I described my recovery journey in my earlier post about meditation and yes meditation was a very important tool on that journey. But there was something more that enabled me to access the early childhood trauma behind my rejection and abandonment panic, self-harming, self-hatred and chronic sleep problems. There was a catalyst – a close encounter with a narcissist.

Who the hell are narcissists?

Narcissists, people high in narcissistic traits, are everywhere amongst us and to be honest, they look like pretty normal people. Actually, they quite frequently look like really cool people. Until you clash with them, question them, try to hold them accountable or get too close and personal with them. In other words until you dive below the surface, until you peel off the mask the narcissist is wearing.

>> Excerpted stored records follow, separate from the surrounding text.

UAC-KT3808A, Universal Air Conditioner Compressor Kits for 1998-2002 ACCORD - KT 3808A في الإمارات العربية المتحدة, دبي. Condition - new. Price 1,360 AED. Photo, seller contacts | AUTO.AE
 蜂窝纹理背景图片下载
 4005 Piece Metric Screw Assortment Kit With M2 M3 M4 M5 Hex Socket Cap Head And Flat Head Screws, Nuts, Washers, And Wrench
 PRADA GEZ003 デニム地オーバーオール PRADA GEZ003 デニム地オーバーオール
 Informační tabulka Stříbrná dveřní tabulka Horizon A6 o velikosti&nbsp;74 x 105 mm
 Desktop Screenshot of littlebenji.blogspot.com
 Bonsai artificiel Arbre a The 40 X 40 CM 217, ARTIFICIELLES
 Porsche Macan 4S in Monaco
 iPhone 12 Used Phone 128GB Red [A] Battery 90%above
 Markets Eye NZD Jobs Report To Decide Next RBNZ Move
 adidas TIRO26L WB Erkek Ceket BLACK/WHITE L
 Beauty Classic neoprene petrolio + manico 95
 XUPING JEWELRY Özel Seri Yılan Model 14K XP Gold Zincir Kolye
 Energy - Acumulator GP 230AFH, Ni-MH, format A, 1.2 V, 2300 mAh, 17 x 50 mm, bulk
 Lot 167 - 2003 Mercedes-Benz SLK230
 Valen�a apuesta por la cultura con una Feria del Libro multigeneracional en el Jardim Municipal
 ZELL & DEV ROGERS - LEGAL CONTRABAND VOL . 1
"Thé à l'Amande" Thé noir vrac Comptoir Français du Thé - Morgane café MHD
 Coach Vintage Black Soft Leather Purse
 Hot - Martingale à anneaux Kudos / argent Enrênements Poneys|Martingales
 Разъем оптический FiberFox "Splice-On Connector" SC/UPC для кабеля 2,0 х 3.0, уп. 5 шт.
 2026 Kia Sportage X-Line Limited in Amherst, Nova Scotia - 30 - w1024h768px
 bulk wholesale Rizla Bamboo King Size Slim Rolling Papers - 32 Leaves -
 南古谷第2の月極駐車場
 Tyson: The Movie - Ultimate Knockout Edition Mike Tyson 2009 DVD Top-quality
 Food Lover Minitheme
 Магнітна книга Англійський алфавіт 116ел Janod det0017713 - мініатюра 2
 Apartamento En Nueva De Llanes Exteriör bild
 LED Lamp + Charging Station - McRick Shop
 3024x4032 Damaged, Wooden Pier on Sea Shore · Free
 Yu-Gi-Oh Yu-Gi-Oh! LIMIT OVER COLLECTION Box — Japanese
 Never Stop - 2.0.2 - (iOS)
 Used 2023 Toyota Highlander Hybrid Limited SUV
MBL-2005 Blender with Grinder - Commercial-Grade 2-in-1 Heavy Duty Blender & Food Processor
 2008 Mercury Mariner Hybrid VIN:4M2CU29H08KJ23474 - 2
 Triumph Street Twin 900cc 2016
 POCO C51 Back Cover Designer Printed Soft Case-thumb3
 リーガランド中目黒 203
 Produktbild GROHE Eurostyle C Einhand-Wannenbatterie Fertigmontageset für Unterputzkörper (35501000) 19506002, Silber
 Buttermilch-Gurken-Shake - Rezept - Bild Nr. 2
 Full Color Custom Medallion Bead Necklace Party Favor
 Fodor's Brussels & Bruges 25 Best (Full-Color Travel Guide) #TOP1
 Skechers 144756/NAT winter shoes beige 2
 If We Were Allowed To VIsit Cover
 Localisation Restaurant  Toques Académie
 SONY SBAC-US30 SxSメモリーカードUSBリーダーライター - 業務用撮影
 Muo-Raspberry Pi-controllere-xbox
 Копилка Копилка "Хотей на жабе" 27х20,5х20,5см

Clashing with a narcissist is hard. Narcissists have a sixth sense for detecting people’s weaknesses and they love pushing people’s buttons. They love to see people react. In an argument with an narcissist, you constantly feel like there must be a misunderstanding but no matter how hard you try to clarify, explain and make the other person see and validate your point, you are not getting anywhere. It’s mind-fuck and it makes you react. And that’s what narcs love. They love to see you react. They love to see you getting emotional. They stand there calm and detached and point the finger at you – you are crazy, you are losing it. That grants them what is called narcissistic supply, the fuel they need to survive.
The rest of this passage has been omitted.